La situation initiale est glaçante : dans l’univers d’arbres et de papier, deux créatures immenses aux yeux globuleux et aux dents pointues occupent tout l’espace du livre. Le texte sans répit poursuit : « une main s’en saisit. C’est une main d’ogre » comme des serres de rapaces, les mains des personnages effrayants vont se refermer sur l’osier dans lequel l’enfant si blanc, si vulnérable s’est endormi.

« Grands sourires et dents dehors, c’est le plus beau jour de leur vie ». On tremble. Déjà dans l’effroi de la dévoration qui va suivre, on tourne nerveusement la page mais oh surprise, les ogres n’ont pas dévoré l’enfant, bien au contraire, ils lui ont attribué un joli prénom et endossent solidement le rôle d’adultes parentaux.

La petite chose humaine abandonnée des hommes est adoptée par les deux monstres. Au fil du livre, ces grosses créatures de littérature vont réserver à la fillette une éducation hybride mais aimante : elle grandit, acquière le langage mais « avec le temps viennent les mots et avec les mots les questions qui dérangent. »

« Pourquoi ne peut-elle pas manger la même chose que ses parents ? » Si le lecteur lettré connaît le régime carné des ogres, la petite, elle, élevée loin des livres en ignore toute la monstruosité. « Pourquoi deux menus autour d’une seule et même table ? » insiste-t-elle. « Quelle est cette odeur dans la cave ? » ses questions de plus en plus insistantes obligeront ses ogres de parents à envisager une séparation tant ils craignent qu’elle découvre la vérité ! Supporter le rejet de l’enfant qu’on aime ? Ils préfèrent l’éloigner de la monstrueuse vérité de la chair humaine qu’ils dévorent. Alors « la mort dans l’âme. L’ogre rend l’enfant aux siens, à ses semblables. » Il la ramène vers le village mais trop aimant, l’ ogre n’arrive pas à la laisser. Le village est pourtant une menace, d’ailleurs le danger ne tarde pas à venir : « il est encerclé. Il est pris. On ne fait pas de procès à un mangeur de chair humaine.
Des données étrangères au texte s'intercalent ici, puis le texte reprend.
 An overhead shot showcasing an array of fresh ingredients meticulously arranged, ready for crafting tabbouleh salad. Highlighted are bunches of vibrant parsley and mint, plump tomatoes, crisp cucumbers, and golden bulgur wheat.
On le tue. » « il est présenté sur l’échafaud à la foule hurlante. » Blanche la petite humaine « comprend tout enfin ».  

Mais que comprend-elle exactement ? Ni le texte, ni l’image ne nous le diront pleinement.

« Blanche cherche sur les visages un indice sur sa véritable famille ». 

Son existence hybride née des hommes, élevée chez les ogres, l’a placée entre des communautés adultes vraiment imparfaites… A quelle famille appartient-elle ? Chacune n’est-elle pas porteuse de monstruosités ? Est-ce que l’enfance n’est pas cela essentiellement, une vie d’amour et d’inadéquation à la fois ? A quelle famille appartient-on ?  De laquelle des monstruosités veut-on devenir les héritiers ?  Et si grandir c’était trier nos héritages ? La petite Blanche devra choisir entre  des mangeurs de viande humaine ou des monstres humains qui l’ont abandonnée. Aucune de ces questions encore moins de réponses ne seront articulées dans l’album. Deux auteurs qui nous ont habitués à une très grande clarté de formes l’altèrent et la brouillent brusquement ici dans ce dénouement difficile. Pourquoi ? Est ce mal façon ? Puits sans résolution ? Ou une mine d’or de questions à articuler carrément avec nos enfants ? A chacun d’en décider.